• Directions: Copy word for word the lines of the records below, beginning at the one with "Before you go" and finishing at the one with "Hello everybody, it's", ends included, but none of the pictures.
____
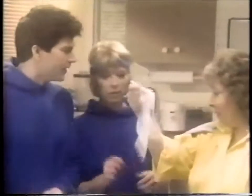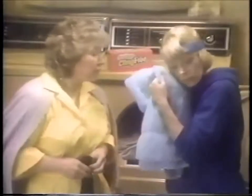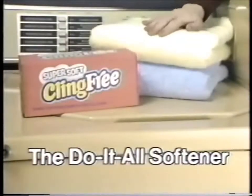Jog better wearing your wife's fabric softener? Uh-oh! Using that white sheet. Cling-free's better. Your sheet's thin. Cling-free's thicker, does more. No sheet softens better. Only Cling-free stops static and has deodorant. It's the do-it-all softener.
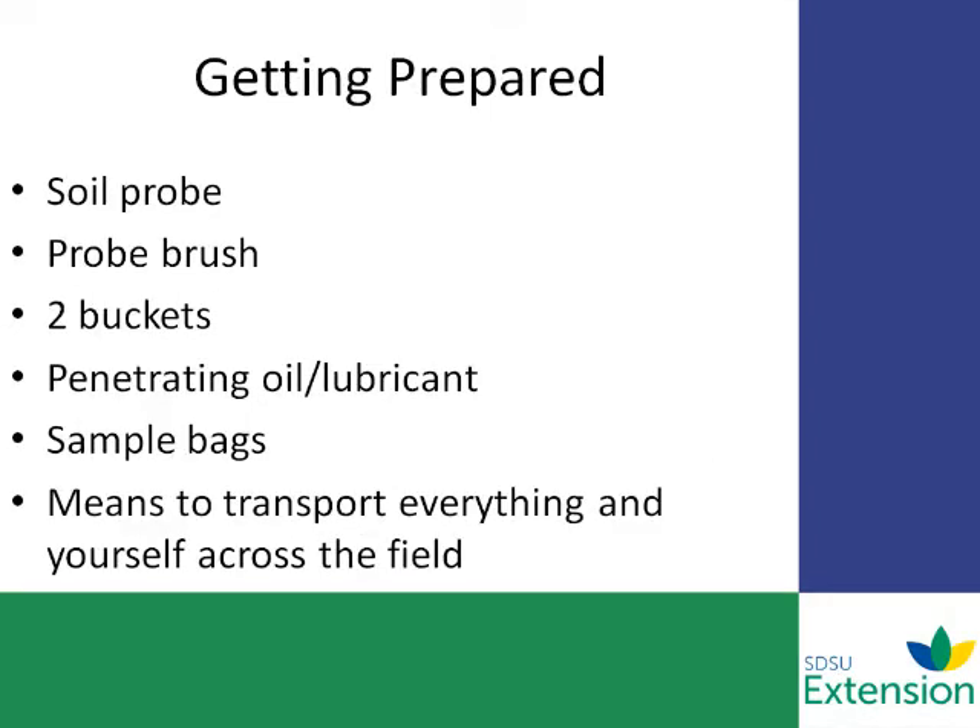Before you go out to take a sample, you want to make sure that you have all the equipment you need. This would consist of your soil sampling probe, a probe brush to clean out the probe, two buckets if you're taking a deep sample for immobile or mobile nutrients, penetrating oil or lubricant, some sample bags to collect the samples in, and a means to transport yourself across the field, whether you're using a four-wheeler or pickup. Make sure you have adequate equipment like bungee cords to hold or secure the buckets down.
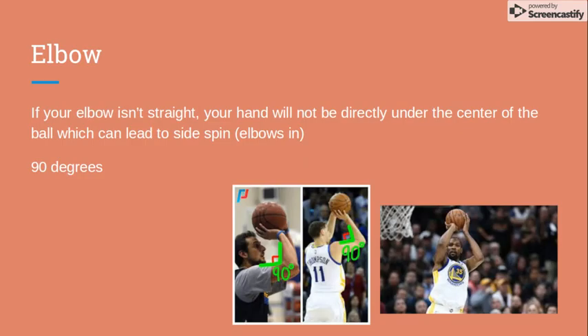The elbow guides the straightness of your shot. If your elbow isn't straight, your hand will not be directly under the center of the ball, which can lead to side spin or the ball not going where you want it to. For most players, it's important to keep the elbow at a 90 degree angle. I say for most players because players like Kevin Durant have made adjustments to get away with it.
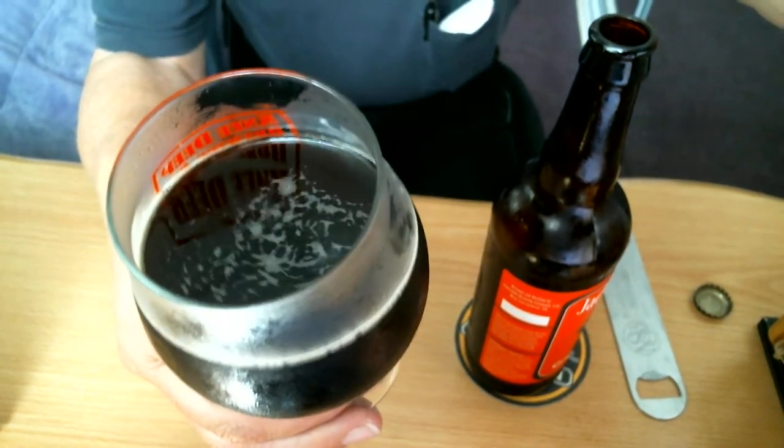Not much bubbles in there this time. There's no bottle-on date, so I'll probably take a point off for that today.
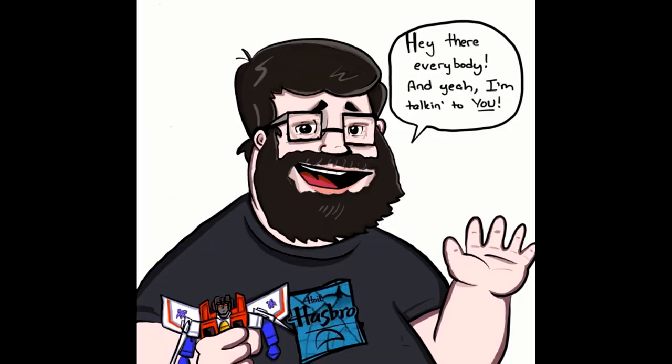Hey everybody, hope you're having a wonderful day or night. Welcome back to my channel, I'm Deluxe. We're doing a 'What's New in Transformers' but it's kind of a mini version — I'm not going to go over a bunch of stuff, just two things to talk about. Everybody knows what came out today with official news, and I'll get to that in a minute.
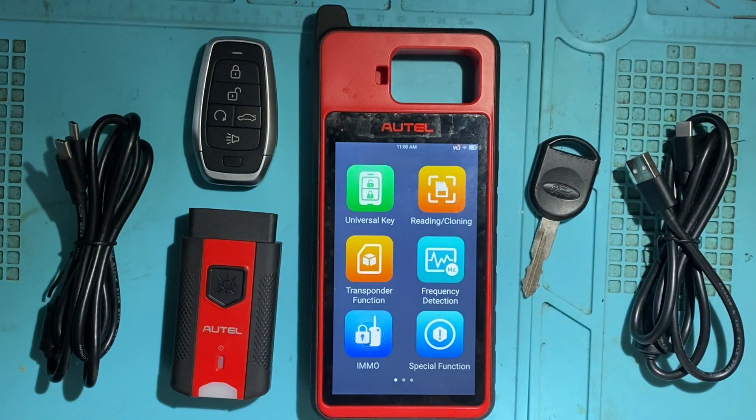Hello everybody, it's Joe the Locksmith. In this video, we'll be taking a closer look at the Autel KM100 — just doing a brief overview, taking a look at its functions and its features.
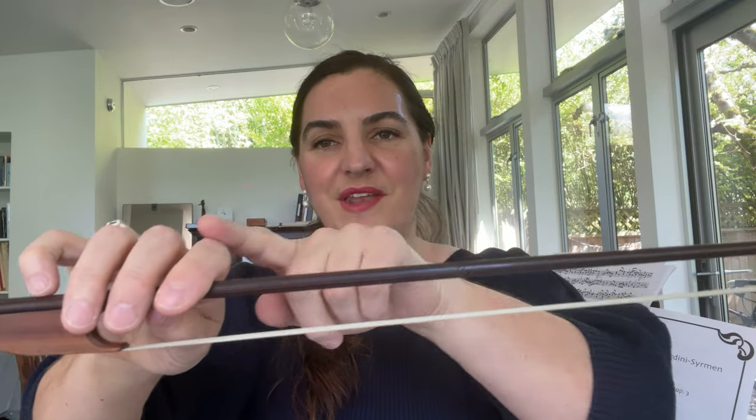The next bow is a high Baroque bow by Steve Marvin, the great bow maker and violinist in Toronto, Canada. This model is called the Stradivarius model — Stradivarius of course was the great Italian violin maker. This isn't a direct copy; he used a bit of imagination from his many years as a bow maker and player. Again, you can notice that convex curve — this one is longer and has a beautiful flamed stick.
____
• Worked solution:
Before you go out to take a sample, you want to make sure that you have all the equipment you need. This would consist of your soil sampling probe, a probe brush to clean out the probe, two buckets if you're taking a deep sample for immobile or mobile nutrients, penetrating oil or lubricant, some sample bags to collect the samples in, and a means to transport yourself across the field, whether you're using a four-wheeler or pickup. Make sure you have adequate equipment like bungee cords to hold or secure the buckets down.
The elbow guides the straightness of your shot. If your elbow isn't straight, your hand will not be directly under the center of the ball, which can lead to side spin or the ball not going where you want it to. For most players, it's important to keep the elbow at a 90 degree angle. I say for most players because players like Kevin Durant have made adjustments to get away with it.
Not much bubbles in there this time. There's no bottle-on date, so I'll probably take a point off for that today.
Hey everybody, hope you're having a wonderful day or night. Welcome back to my channel, I'm Deluxe. We're doing a 'What's New in Transformers' but it's kind of a mini version — I'm not going to go over a bunch of stuff, just two things to talk about. Everybody knows what came out today with official news, and I'll get to that in a minute.
Hello everybody, it's Joe the Locksmith. In this video, we'll be taking a closer look at the Autel KM100 — just doing a brief overview, taking a look at its functions and its features.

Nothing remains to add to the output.